This report is a about my todays experience with virtual machines.

UML (user-mode-linux)

It began this morning, when I tried to setup a new virtual machine with User mode Linux. I could easily reuse an existing installation using copy-on-write with the following command:

linux umid=vm4 uml_dir=/home/nico/vm/uml con1=pts ubda=/home/nico/vm/cow/vm4,/home/nico/vm/images/debian eth0=tuntap,,,192.168.4.1 mem=4096M

After I issued

apt-get update && apt-get dist-upgrade

in the virtual machine, it hung. It did not react to new ssh connections. I've seen this behaviour quite often with user mode Linux, when I have "a lot" of disk input/output. Ok, I wanted to use some kind of framework for my virtual machines anyway, so for the time being, let's forget about uml and try the libvirt+kvm.

Libvirt

The libvirt project looks quite promising from its documentation, especially in combination with virt-manager. Trying to create a new virtual machine with virt-manager is kind of strange, because it insists of having an installation medium. Though, locating the Debian live CD is not so difficult. But then came the big problem: When I tried to create a new disk image, virt-manager just hung for several minutes, without the host system doing anything.

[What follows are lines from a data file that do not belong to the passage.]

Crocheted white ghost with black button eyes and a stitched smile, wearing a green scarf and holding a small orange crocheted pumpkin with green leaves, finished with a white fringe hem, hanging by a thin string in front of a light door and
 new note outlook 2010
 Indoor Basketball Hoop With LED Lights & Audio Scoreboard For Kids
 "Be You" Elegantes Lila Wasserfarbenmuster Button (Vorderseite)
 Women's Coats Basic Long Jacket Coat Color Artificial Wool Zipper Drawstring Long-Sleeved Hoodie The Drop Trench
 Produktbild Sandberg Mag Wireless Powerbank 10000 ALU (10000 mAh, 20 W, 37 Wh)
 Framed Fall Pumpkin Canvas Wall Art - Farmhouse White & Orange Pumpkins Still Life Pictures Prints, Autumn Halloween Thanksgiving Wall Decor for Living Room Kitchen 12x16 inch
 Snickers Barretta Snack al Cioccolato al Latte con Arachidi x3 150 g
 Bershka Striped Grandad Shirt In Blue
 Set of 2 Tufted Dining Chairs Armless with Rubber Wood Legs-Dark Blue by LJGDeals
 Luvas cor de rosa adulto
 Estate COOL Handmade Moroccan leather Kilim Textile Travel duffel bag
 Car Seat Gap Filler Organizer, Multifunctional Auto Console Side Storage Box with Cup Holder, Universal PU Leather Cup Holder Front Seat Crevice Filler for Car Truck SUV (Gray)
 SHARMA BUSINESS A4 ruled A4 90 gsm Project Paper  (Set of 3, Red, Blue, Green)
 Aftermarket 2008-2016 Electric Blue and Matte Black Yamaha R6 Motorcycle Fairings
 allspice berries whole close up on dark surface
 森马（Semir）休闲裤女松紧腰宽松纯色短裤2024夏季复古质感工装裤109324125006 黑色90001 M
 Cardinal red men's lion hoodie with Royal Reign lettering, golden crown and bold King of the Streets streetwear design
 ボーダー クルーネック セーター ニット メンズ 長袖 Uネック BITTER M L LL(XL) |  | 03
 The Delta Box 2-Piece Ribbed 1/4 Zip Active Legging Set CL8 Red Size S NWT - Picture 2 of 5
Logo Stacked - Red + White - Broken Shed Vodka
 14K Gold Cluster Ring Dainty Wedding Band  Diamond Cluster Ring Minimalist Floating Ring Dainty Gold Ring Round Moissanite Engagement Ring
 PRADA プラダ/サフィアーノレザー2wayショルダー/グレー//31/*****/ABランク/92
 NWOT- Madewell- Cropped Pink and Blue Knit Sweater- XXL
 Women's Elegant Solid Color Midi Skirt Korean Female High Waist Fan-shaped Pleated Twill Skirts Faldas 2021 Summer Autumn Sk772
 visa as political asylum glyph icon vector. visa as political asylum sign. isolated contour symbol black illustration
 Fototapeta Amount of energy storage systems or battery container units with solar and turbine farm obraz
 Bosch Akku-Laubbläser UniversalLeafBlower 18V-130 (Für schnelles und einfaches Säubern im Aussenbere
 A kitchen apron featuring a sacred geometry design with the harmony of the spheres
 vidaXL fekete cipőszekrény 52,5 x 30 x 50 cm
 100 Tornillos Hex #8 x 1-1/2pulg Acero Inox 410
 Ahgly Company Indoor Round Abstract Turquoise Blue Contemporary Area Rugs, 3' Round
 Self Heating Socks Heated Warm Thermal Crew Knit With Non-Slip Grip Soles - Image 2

Some time before I had massive problems using virt-manager and selecting a different pool for the images, which caused several problems when trying to start the VM.

But well, let's give virsh a try, the command line utility to manage libvirt. Creating a new disk image with virsh is pretty easy:

vol-create-as default jr.img 8G

A bit confusing is the fact that the vol-create command without -as prefix expects a XML-file as input. Having a look at the other create commands confirms guess:

ikn:~% LANG=C LC_ALL=C virsh help | grep create
   create          create a domain from an XML file
   net-create      create a network from an XML file
   nodedev-create  create a device defined by an XML file on the node
   pool-create     create a pool from an XML file
   pool-create-as  create a pool from a set of args
   vol-create      create a vol from an XML file
   vol-create-from create a vol, using another volume as input
   vol-create-as   create a volume from a set of args
ikn:~% virsh --version
0.7.4

Some commands do not support creation from the command line, but only from an XML-file, which makes virsh useless for interactive and scripting use.

This brings me to the new kid on the block: ganeti

Ganeti

When I first experienced problems with libvirt, some people pointed me to ganeti (to speak truth, it was one of the ganeti developers). Until today I delayed this idea, but after the problems with libvirt I decided to give ganeti-2.0.5-1 (Debian package) a try. First of all I tried to follow the installation tutorial referenced on the homepage, which is heavily orientated on using Xen and LVM, both of them I do not plan to use. Trying to get ganeti running, I was meeting some interesting problems:

[11:26] tee:root# gnt-cluster init ganeti.schottelius.org
Failure: prerequisites not met for this operation:
This host's IP resolves to the private range (127.0.1.1). Please fix DNS or /etc/hosts.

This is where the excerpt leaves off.